Provided data Start Marker

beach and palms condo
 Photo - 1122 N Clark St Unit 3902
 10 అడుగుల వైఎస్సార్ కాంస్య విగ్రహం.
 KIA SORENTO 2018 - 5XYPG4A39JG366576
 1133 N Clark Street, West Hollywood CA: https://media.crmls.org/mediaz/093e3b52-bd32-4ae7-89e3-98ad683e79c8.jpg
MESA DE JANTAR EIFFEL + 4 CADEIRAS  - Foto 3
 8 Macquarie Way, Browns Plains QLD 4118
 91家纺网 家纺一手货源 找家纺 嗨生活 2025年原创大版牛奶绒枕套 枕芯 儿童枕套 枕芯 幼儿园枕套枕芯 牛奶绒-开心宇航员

Provided data End Marker

- **What you should do**
Take from the listing above each line that contains the string "Clark".

- **Written reply**
 Photo - 1122 N Clark St Unit 3902
 1133 N Clark Street, West Hollywood CA: https://media.crmls.org/mediaz/093e3b52-bd32-4ae7-89e3-98ad683e79c8.jpg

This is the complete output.